Only one stretch of the data below is wanted: the lines from the one with "Lavabo Sobre Encimera" through the one with "Load image into Gallery viewer, Pewter", repeated exactly.

Scraped caption text data:
Start of Block

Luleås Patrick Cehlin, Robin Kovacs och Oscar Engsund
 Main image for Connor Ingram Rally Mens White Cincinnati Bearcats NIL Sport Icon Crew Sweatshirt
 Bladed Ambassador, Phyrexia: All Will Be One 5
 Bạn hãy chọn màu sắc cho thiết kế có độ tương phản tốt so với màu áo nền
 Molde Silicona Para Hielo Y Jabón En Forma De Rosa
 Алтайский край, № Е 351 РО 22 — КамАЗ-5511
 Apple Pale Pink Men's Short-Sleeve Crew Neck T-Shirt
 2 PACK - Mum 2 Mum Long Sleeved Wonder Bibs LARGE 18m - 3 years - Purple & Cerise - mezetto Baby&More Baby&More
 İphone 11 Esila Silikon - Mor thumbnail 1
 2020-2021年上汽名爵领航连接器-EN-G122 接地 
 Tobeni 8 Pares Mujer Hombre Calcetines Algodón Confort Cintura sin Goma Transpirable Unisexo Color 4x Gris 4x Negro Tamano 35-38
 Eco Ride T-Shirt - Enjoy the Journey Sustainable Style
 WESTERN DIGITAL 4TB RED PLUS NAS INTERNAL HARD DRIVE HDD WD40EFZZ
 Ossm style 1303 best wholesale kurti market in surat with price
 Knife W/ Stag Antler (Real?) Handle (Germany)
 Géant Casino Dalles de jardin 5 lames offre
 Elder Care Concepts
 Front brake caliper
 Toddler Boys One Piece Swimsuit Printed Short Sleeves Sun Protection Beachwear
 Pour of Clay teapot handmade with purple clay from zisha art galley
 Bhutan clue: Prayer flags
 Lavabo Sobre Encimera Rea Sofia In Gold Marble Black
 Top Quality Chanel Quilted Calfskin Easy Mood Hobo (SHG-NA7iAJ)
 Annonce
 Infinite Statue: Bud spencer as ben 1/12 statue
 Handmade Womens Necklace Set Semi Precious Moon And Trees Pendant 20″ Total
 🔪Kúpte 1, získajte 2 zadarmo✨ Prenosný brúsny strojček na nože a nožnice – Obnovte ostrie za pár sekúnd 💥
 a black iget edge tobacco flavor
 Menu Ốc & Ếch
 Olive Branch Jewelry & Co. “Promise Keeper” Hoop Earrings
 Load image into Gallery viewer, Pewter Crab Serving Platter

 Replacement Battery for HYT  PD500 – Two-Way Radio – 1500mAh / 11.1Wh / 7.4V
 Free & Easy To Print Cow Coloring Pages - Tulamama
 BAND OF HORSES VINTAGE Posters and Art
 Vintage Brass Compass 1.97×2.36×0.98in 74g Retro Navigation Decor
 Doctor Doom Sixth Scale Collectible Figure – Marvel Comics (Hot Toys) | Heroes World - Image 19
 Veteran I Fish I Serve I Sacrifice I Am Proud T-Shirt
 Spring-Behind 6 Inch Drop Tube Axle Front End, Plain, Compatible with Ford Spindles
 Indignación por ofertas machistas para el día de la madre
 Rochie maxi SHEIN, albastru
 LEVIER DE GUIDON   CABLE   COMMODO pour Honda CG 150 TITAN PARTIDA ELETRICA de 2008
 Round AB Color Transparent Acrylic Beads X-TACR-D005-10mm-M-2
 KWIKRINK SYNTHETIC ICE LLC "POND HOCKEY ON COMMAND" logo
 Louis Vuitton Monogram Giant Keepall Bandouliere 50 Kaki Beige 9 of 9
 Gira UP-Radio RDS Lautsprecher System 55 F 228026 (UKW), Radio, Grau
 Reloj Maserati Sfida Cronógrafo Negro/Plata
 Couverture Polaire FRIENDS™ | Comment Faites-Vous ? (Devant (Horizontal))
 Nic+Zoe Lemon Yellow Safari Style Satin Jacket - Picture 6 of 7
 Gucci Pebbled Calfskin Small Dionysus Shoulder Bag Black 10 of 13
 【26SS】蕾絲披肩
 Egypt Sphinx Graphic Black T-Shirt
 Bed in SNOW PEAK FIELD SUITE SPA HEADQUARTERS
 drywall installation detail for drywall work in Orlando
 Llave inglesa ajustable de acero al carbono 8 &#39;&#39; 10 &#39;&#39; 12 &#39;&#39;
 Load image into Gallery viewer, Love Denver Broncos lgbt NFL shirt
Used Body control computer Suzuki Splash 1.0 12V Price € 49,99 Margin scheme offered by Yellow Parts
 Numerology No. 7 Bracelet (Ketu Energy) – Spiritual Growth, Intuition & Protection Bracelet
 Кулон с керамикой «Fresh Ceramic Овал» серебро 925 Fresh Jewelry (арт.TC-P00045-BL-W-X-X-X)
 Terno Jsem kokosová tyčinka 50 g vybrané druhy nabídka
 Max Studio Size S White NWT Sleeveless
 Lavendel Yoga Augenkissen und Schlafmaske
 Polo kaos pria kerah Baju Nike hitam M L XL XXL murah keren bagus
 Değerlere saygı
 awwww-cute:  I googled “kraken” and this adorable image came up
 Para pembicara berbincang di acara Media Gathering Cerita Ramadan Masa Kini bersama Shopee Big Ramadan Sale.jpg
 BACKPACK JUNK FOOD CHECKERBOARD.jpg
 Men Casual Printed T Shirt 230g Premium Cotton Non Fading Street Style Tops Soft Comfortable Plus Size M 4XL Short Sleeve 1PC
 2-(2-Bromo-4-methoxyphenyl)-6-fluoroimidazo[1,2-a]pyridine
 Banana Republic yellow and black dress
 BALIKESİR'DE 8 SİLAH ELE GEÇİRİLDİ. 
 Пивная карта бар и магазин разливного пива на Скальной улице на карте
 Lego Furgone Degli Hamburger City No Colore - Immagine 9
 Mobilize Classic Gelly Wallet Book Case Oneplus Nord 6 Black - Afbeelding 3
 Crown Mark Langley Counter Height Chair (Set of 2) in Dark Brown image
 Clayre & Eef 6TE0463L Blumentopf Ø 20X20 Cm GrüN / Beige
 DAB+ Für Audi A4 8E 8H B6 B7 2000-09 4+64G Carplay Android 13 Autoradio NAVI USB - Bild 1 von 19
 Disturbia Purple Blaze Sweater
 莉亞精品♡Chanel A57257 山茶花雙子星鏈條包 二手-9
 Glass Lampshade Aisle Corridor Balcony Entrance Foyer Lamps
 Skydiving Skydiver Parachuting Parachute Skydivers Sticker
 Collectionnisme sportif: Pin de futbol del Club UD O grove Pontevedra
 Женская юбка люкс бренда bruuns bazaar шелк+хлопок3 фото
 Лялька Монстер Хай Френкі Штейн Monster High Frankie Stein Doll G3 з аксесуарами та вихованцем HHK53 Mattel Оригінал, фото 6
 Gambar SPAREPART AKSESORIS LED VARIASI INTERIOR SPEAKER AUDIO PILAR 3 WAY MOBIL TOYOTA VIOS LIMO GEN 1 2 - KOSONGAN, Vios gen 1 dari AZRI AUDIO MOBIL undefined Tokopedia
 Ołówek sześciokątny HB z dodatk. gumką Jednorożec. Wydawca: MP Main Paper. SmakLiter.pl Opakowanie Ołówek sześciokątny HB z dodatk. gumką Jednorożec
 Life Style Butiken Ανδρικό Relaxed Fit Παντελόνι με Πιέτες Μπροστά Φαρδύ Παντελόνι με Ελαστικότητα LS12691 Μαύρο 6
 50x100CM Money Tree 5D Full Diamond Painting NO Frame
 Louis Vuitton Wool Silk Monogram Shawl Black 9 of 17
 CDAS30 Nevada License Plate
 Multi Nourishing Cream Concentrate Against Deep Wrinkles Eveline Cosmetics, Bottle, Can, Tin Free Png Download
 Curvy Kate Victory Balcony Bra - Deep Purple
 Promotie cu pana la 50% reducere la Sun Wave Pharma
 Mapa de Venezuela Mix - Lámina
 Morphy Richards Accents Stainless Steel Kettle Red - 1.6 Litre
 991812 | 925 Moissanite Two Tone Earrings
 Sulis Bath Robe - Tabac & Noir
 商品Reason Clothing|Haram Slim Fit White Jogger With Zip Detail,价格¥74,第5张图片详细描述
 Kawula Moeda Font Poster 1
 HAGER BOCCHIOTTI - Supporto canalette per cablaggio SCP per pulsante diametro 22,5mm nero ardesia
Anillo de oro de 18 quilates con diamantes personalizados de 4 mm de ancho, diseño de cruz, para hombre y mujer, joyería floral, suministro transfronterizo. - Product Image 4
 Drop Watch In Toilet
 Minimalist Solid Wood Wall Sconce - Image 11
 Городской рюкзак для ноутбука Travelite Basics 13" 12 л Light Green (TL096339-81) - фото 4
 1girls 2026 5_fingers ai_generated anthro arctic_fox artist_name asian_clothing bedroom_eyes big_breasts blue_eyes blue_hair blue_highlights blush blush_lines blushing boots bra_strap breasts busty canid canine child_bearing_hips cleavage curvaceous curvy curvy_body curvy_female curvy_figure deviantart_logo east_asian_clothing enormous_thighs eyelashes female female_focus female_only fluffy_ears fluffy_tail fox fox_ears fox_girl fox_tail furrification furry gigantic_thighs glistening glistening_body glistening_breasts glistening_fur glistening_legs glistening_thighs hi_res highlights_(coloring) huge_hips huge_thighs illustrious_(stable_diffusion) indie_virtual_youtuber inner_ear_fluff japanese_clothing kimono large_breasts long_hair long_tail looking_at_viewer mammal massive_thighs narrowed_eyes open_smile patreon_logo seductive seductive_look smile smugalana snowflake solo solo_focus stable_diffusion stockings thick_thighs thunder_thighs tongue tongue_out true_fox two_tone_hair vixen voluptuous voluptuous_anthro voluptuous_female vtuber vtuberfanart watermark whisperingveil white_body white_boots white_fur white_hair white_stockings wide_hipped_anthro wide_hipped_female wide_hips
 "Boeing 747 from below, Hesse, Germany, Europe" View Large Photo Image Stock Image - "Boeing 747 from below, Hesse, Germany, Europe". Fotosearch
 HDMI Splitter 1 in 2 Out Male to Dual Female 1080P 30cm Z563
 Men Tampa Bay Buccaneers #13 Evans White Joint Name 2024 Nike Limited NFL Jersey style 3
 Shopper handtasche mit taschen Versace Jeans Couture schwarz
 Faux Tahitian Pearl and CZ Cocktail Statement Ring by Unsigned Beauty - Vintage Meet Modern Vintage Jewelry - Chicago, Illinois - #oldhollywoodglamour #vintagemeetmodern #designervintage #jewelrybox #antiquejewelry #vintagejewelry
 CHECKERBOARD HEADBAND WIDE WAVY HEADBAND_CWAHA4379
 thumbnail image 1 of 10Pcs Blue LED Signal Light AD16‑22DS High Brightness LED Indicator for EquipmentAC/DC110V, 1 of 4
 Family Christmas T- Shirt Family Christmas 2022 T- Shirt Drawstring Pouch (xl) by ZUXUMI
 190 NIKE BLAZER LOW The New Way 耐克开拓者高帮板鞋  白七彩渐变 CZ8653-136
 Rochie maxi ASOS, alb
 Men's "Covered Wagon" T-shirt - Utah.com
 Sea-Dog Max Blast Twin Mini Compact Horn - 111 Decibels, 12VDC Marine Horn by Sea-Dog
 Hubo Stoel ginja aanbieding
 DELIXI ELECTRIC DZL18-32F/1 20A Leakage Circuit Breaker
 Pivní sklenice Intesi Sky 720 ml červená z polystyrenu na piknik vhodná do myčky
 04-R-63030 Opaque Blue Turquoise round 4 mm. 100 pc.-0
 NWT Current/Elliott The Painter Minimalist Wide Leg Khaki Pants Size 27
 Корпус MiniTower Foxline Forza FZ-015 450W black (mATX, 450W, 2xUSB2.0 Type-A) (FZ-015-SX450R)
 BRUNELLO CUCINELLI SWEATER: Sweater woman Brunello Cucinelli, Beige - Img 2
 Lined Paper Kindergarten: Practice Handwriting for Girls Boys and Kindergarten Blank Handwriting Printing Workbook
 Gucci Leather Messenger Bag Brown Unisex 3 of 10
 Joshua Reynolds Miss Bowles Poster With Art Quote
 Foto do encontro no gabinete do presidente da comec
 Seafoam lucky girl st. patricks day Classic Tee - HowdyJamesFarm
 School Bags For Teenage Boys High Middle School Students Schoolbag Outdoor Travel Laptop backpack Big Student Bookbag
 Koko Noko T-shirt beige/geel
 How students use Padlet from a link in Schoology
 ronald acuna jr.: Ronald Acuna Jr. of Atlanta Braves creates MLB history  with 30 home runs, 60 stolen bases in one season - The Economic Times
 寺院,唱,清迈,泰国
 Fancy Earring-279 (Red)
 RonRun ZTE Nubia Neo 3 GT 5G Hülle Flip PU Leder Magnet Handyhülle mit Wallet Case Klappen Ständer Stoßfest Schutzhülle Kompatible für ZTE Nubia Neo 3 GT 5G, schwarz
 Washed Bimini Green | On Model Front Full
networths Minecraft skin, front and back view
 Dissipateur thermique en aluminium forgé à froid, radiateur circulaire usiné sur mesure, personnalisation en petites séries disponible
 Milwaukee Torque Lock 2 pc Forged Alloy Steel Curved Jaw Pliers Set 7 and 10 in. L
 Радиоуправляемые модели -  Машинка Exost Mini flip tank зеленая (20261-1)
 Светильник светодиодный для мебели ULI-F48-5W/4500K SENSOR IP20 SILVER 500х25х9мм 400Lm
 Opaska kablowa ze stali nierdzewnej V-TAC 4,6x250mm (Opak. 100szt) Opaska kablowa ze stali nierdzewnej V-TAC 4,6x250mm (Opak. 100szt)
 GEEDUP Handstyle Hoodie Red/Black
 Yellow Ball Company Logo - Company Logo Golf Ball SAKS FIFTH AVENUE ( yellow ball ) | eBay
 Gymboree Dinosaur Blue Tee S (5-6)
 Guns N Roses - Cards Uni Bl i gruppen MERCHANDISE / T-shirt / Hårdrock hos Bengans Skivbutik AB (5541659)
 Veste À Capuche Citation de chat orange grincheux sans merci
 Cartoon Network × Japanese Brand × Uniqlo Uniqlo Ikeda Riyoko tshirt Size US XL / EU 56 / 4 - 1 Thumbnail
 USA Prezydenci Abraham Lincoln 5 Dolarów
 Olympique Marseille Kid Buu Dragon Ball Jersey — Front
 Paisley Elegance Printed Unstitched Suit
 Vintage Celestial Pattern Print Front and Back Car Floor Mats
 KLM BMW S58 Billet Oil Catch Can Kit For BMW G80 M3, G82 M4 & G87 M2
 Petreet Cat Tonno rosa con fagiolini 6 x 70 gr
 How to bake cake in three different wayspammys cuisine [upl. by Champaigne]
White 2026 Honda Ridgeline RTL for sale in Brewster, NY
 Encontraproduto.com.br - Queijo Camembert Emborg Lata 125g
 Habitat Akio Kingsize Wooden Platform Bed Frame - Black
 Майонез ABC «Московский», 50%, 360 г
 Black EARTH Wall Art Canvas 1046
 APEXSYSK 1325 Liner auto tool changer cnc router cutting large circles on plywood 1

End of Block

SOLUTION:
 Lavabo Sobre Encimera Rea Sofia In Gold Marble Black
 Top Quality Chanel Quilted Calfskin Easy Mood Hobo (SHG-NA7iAJ)
 Annonce
 Infinite Statue: Bud spencer as ben 1/12 statue
 Handmade Womens Necklace Set Semi Precious Moon And Trees Pendant 20″ Total
 🔪Kúpte 1, získajte 2 zadarmo✨ Prenosný brúsny strojček na nože a nožnice – Obnovte ostrie za pár sekúnd 💥
 a black iget edge tobacco flavor
 Menu Ốc & Ếch
 Olive Branch Jewelry & Co. “Promise Keeper” Hoop Earrings
 Load image into Gallery viewer, Pewter Crab Serving Platter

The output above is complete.